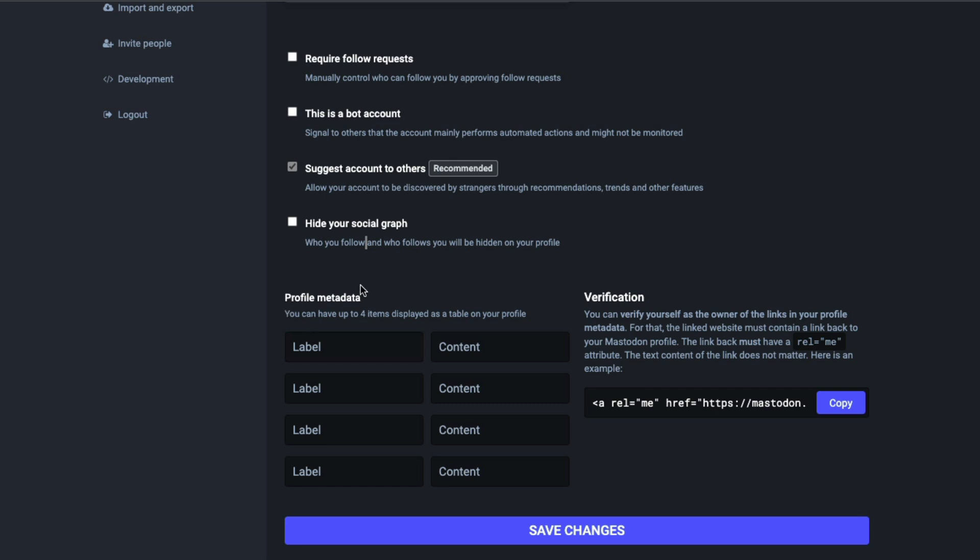These are profile metadata. These are labels and contents. If you want your profile to be about, say, basketball or you cover the NBA, you can put NBA, basketball, professional basketball, and all of that will be labeled and tagged within your profile.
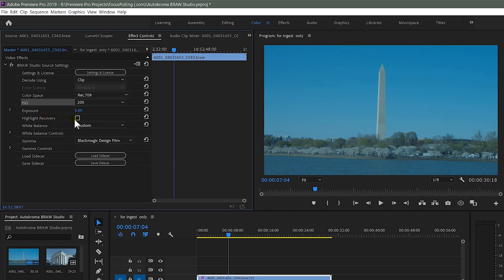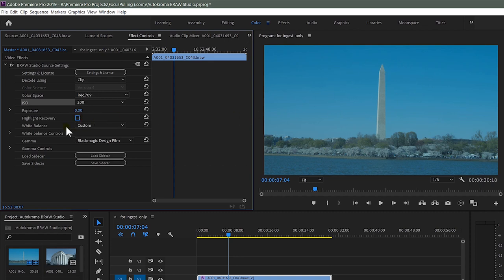Highlight Recovery is a checkbox that helps recover highlights clipped beyond a certain threshold. In this case it doesn't visibly change anything because the shot was properly exposed using zebras to avoid clipping. By default it's off, on the assumption that good cinematographers avoid blown highlights. But if you accidentally shot with highlights blowing out, toggle this on and compare visually to see if it helps.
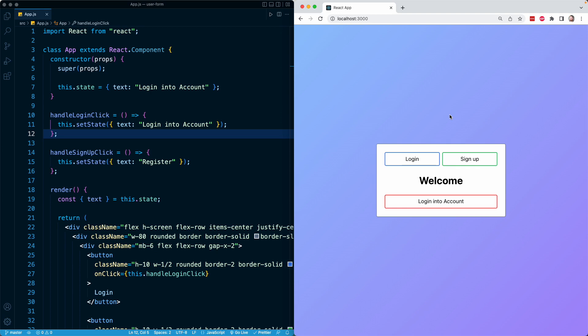In this lesson, I want to talk about event objects in React. Whenever the user does something in the browser, like clicking on a button or typing a character into an input field, any kind of action that the user performs will count as an event. And whenever the user performs that event,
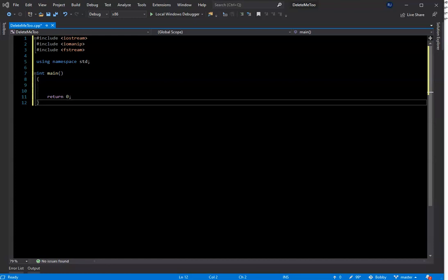Normally what you'll see in this type of program is it will prompt the user to input information. But because I want to work with the input-output stream, we're going to be taking the information from a text file.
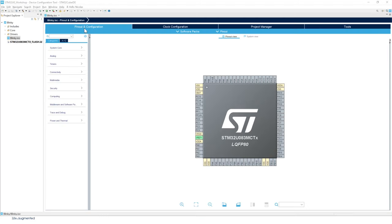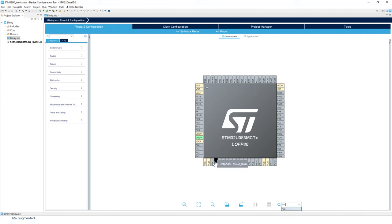In STM32CubeIDE, make sure you have the Pinout and Configuration tab selected. Enter PB5 in the search — this highlights where it is on the package. Left-click on PB5 and select the mode GPIO Output for this pin.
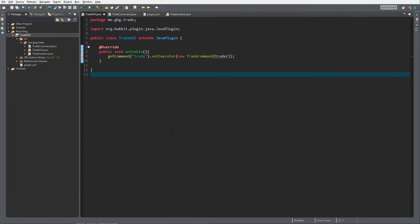Hello everybody, I'm GHG and welcome back to this tutorial series. In today's episode we are going to continue work on our trade GUI. It's not going to be the final episode because it's a lot of work — I may be doing three or even four episodes, depending on how much work I'd like to put into it, because I would like to explain things really well.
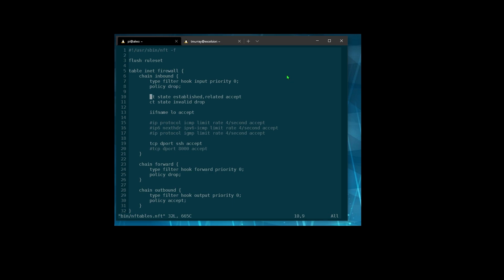Now, these ct state rules — nftables is a stateful firewall, so it can keep track of connections. When you have a TCP connection that's already gone back and forth to establish that connection, it can keep track of that. If it is an already established or related connection, according to this rule, it's going to get accepted. If it's in an invalid state, it's going to drop it. An important thing to know about nftables is that when you hit one of these drop rules, this happens immediately, but the packet still goes through the rest of the chain — which can create some weird behavior you might not expect. This just says everything over the localhost connection, we're going to accept that.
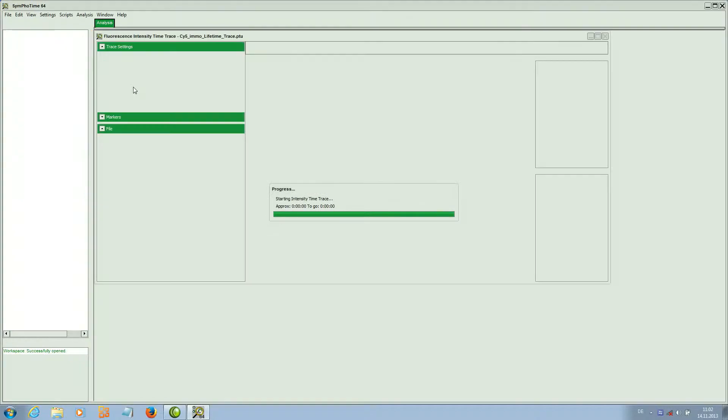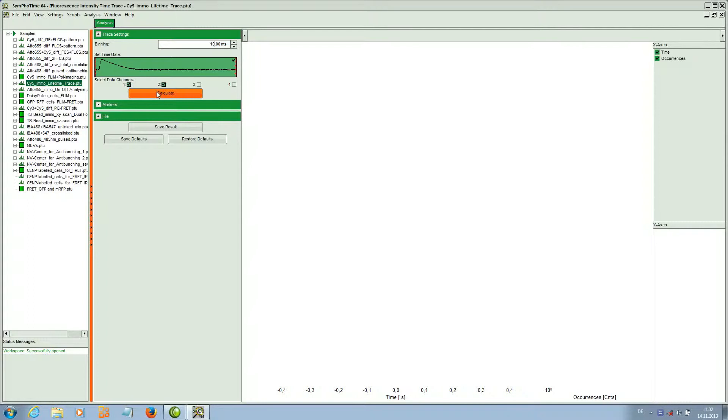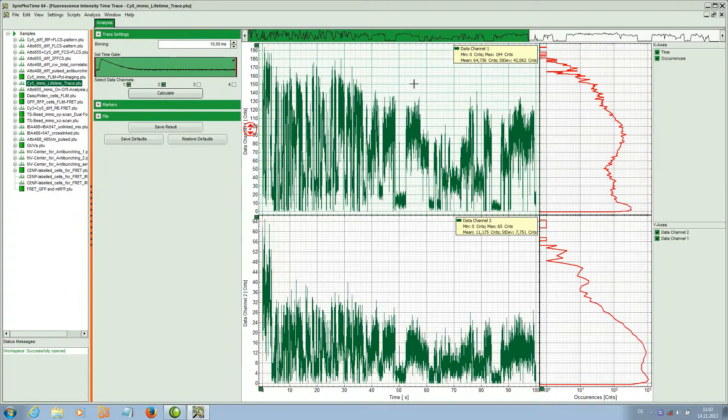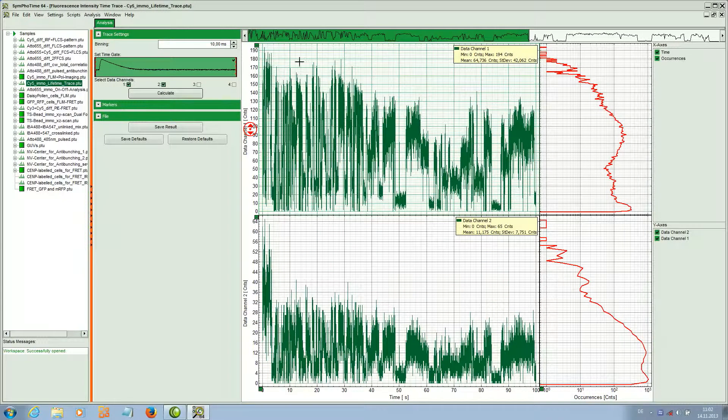Start the intensity time trace and we see here in the parameter area we can choose the time bin width. This is in this case 10 milliseconds per time bin. We have two spectral channels. When we calculate we get two different time traces for each channel.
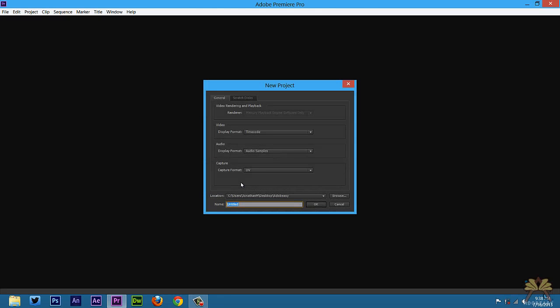So over here we can select new project and this is where we name our project. I'll call this tutorial and I have a desktop folder, Adobe Easy. So that's where it's going to go. We're going to select OK.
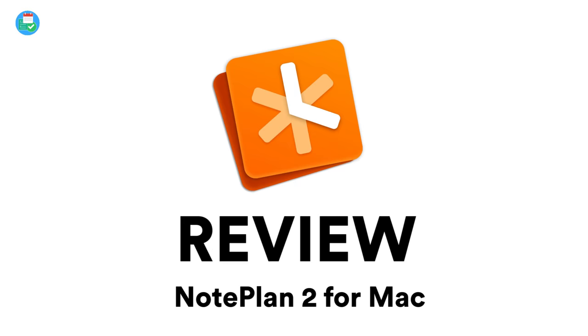Hello everyone and welcome back to the Keep Productive YouTube channel. On today's feature, we're taking a look at NotePlan 2 for Mac. We're going to be diving into the application, giving you a quick review.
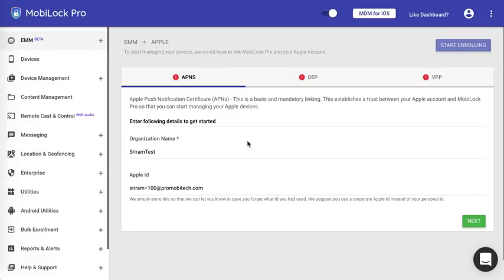Hi, this is the video related to uploading the APNS certificate to MobiLock. This is the first and foremost step before you start managing your iOS devices from MobiLock dashboard.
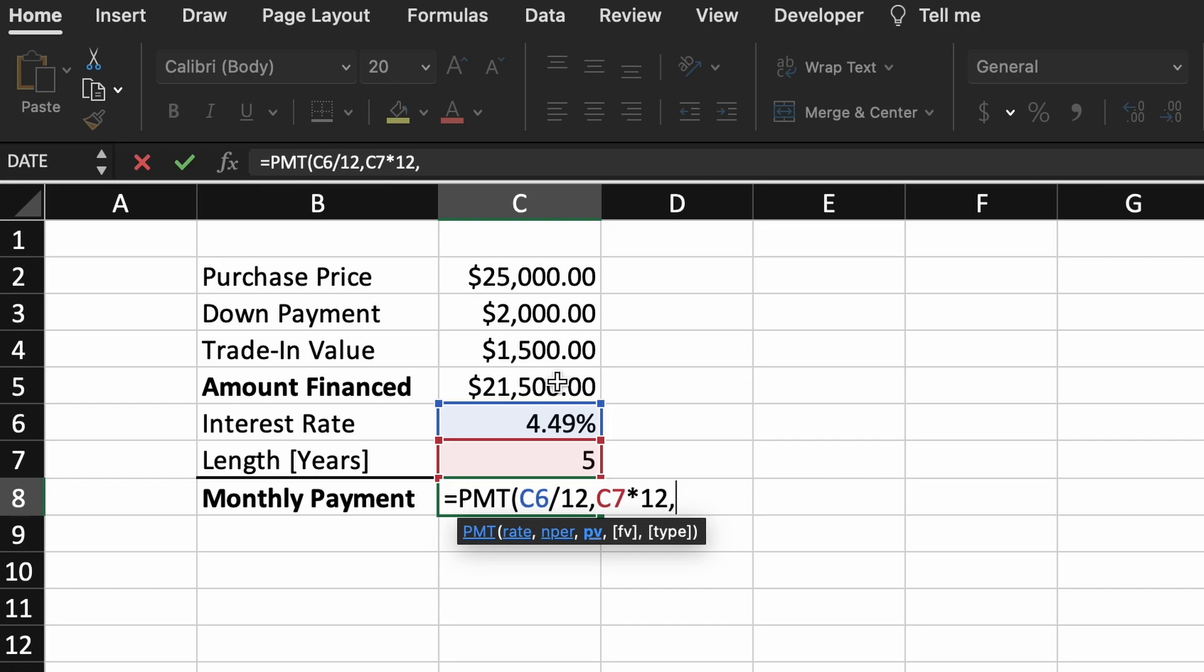The last required parameter that we need to give our payment function is the amount of the loan. This is our calculated amount from earlier that we said was our total amount we needed to finance, so let's just click that cell now. Our last two parameters are both optional and are not needed in this example.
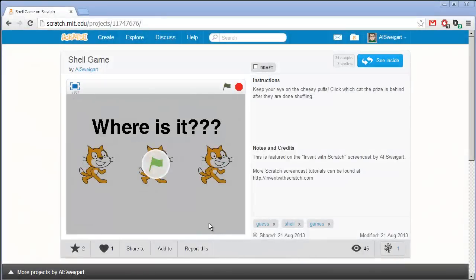Hello and welcome to the Invent with Scratch screencast. I'm Al Swigert and in this screencast we're going to make a shell game. This is also known as Three Card Monty. You usually have three shells and then a penny or a marble or something underneath one of them, and they get swapped around and you have to pick out which one it is at the very end. It's also a common street scam called Three Card Monty.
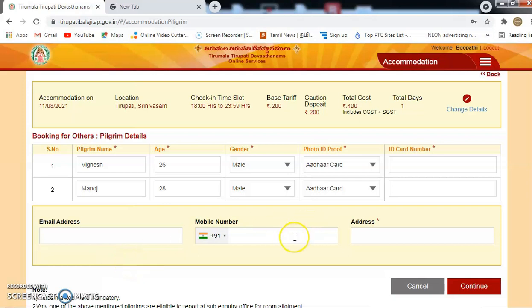If you have a mobile number, you can get a notification of the room and you can get a booking ID. That's why you want to mention these two. If you have a payment gateway option, you can get a payment option and also check the ticket and book the options.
○ ○ ○ ○ ○ ○ ○
> **WHAT THE TASK ASKS**: Go to the line above holding "In STM32CubeIDE, make", then copy exactly each line down to and including the one holding "Hello everybody, I'm", leaving pictures out.

> **EXERCISE RESPONSE**:
In STM32CubeIDE, make sure you have the Pinout and Configuration tab selected. Enter PB5 in the search — this highlights where it is on the package. Left-click on PB5 and select the mode GPIO Output for this pin.
Hello everybody, I'm GHG and welcome back to this tutorial series. In today's episode we are going to continue work on our trade GUI. It's not going to be the final episode because it's a lot of work — I may be doing three or even four episodes, depending on how much work I'd like to put into it, because I would like to explain things really well.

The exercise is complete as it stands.